Find the smallest substring of s containing all characters of t — a sliding window hard Chegg applies to substring matching in their document search and plagiarism detection pipelines.

By Alex Chen, Founder, InterviewChamp.AI · Last verified

Problem

Given two strings s and t of lengths m and n, return the minimum window substring of s such that every character in t (including duplicates) is included in the window.
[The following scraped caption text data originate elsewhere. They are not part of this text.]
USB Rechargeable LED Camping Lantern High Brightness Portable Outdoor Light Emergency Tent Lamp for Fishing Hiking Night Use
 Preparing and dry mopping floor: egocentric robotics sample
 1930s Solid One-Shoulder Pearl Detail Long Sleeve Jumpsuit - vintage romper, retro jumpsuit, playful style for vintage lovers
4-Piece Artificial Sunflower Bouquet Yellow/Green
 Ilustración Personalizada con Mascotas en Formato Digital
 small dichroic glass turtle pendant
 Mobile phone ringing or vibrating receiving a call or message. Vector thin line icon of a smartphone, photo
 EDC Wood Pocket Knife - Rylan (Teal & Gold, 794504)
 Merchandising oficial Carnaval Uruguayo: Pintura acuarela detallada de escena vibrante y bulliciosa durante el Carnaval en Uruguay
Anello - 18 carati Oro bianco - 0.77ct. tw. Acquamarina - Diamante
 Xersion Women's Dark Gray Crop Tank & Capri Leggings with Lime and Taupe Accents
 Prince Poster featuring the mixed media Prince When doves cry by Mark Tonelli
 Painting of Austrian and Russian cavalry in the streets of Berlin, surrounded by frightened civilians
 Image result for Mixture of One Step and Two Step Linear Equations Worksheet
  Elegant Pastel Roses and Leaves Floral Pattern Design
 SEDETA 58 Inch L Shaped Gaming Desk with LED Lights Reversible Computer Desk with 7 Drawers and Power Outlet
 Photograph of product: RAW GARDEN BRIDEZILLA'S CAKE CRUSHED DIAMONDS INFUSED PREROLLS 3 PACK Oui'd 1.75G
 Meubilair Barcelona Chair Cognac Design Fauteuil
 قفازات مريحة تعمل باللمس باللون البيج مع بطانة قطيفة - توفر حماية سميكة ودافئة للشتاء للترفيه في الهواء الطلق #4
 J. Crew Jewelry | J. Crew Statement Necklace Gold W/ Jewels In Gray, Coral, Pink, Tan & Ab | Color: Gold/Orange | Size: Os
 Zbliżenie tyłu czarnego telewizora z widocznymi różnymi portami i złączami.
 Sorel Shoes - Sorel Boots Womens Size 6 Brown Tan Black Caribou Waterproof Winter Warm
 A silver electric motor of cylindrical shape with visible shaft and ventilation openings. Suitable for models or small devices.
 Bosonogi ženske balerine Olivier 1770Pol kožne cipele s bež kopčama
If there is no such substring, return the empty string.

Constraints

  • m == s.length, n == t.length
  • 1 <= m, n <= 10^5
  • s and t consist of uppercase and lowercase English letters

Examples

Example 1

Input
s = "ADOBECODEBANC", t = "ABC"
Output
"BANC"

Example 2

Input
s = "a", t = "a"
Output
"a"

Approaches

1. Brute force

Check every substring of s to see if it contains all characters of t — O(m^2 * n).

Time
O(m^2 * n)
Space
O(1)
function minWindow(s, t) {
  let res = '';
  for (let i = 0; i < s.length; i++)
    for (let j = i + 1; j <= s.length; j++) {
      const sub = s.slice(i, j);
      if (contains(sub, t) && (!res || sub.length < res.length)) res = sub;
    }
  return res;
}

Tradeoff:

2. Sliding window with frequency maps

Expand right to include characters, shrink left when all t characters are covered; track the satisfied-character count to avoid re-scanning the entire window on each step.

Time
O(m+n)
Space
O(m+n)
function minWindow(s, t) {
  const need = new Map();
  for (const c of t) need.set(c, (need.get(c) || 0) + 1);
  let have = 0, required = need.size;
  const window = new Map();
  let lo = 0, minLen = Infinity, resLo = 0;
  for (let hi = 0; hi < s.length; hi++) {
    const c = s[hi];
    window.set(c, (window.get(c) || 0) + 1);
    if (need.has(c) && window.get(c) === need.get(c)) have++;
    while (have === required) {
      if (hi - lo + 1 < minLen) { minLen = hi - lo + 1; resLo = lo; }
      const lc = s[lo++];
      window.set(lc, window.get(lc) - 1);
      if (need.has(lc) && window.get(lc) < need.get(lc)) have--;
    }
  }
  return minLen === Infinity ? '' : s.slice(resLo, resLo + minLen);
}

Tradeoff:

Chegg-specific tips

Chegg interviewers focus on the 'have vs required' bookkeeping trick — explain how counting satisfied unique characters avoids iterating over the entire need map inside the inner loop.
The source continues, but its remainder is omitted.